WHAT TO WORK ON
Only the pictures should be left out; repeat the rest of the data exactly.

SUPPLIED INFORMATION below:

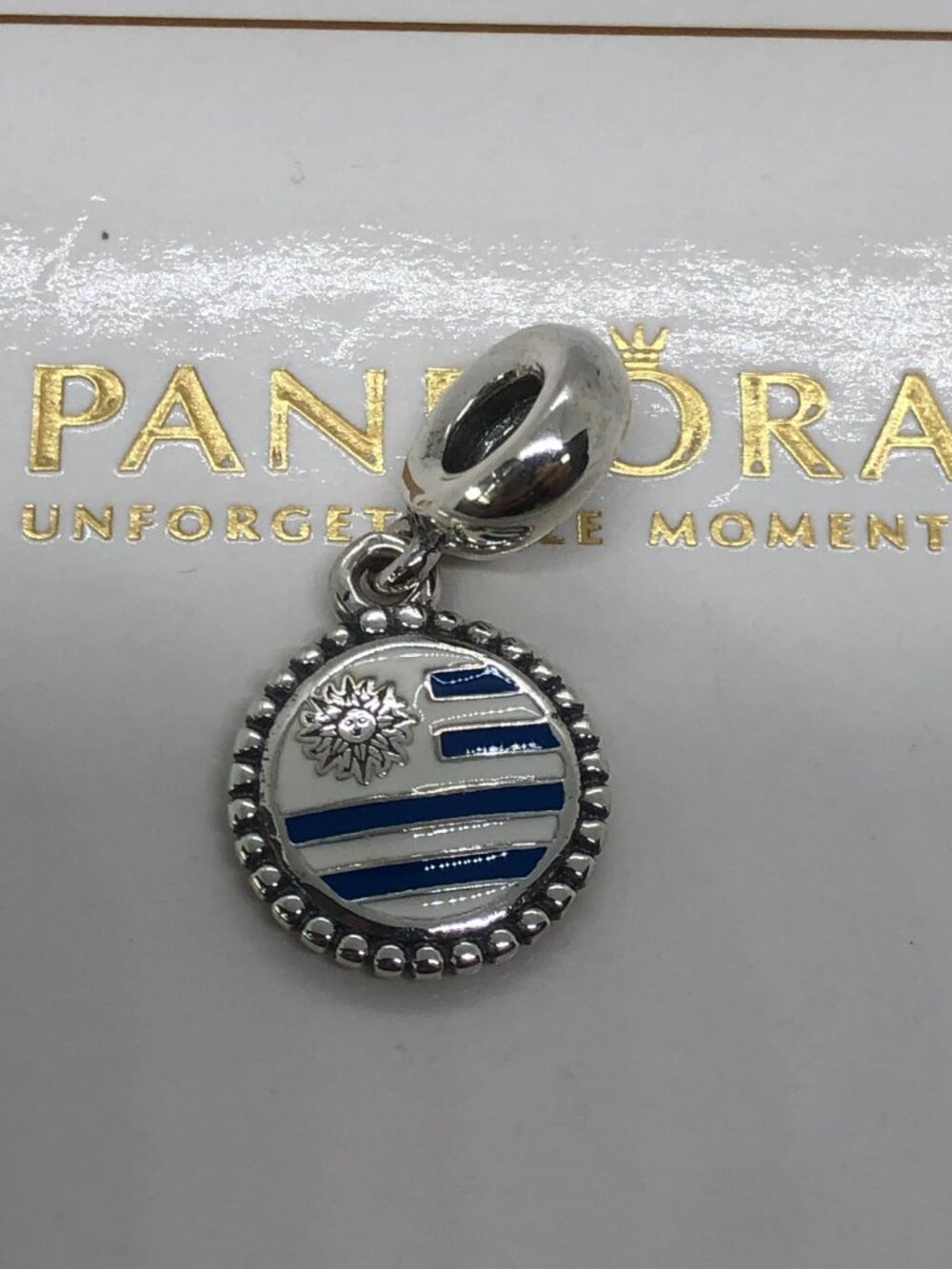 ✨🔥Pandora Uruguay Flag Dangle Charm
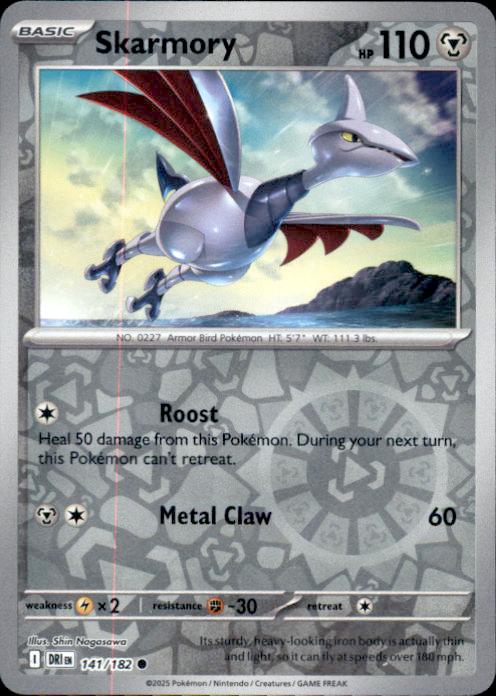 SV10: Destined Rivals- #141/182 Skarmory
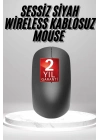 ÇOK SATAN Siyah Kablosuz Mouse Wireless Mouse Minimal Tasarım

End of SUPPLIED INFORMATION.

OUTPUT FOR THIS EXERCISE
 ✨🔥Pandora Uruguay Flag Dangle Charm
 SV10: Destined Rivals- #141/182 Skarmory
 ÇOK SATAN Siyah Kablosuz Mouse Wireless Mouse Minimal Tasarım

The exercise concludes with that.